Slow Cooker Rice Pudding

Slow Cooker Rice Pudding

  • Prep time: 10 minutes

  • Cook time: 3–4 hours (Low)

  • Servings: 6

  • Texture: Rich, creamy, and tender

Ingredients

  • 1 cup Uncooked long-grain white rice (Arborio also works for extra creaminess)

  • 4 cups Whole milk (for the best richness)
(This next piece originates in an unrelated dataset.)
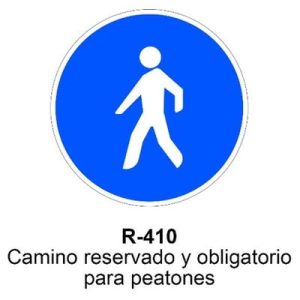 Señal Acero MOPU R410 Camino reservado para peatones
  • 1/2 cup Granulated sugar (adjust to taste)

  • 1/2 cup Heavy cream

  • 2 tbsp Unsalted butter, melted

  • 1 1/2 tsp Vanilla extract

  • 1/2 tsp Ground cinnamon

  • 1/4 tsp Salt

  • Optional: 1/2 cup raisins or dried cranberries

Instructions

  1. Prep the Pot: Grease the inside of your slow cooker with butter or non-stick spray to prevent the rice from sticking to the edges.

  2. Combine: Add the rinsed rice, milk, sugar, heavy cream, melted butter, cinnamon, and salt to the slow cooker. Stir well to ensure the sugar is dissolved.

  3. Slow Cook: Cover and cook on Low for 3 to 4 hours. Check at the 3-hour mark; the rice should be tender and most of the liquid absorbed, though it should still look a bit “soupy” (it thickens significantly as it cools).

  4. Final Touch: Stir in the vanilla extract and raisins (if using) during the last 15 minutes of cooking.

  5. Serve: Enjoy warm, or pour into a bowl, cover with plastic wrap (pressed against the surface to prevent a skin from forming), and chill in the fridge.

Tips for Success

  • Rinse the Rice: Always rinse your rice under cold water until the water runs clear. This removes excess surface starch and prevents the pudding from becoming a gummy block.

  • Don’t Use “High”: Milk-based recipes can easily curdle or scorch on the high setting. Stick to Low for a smooth custard.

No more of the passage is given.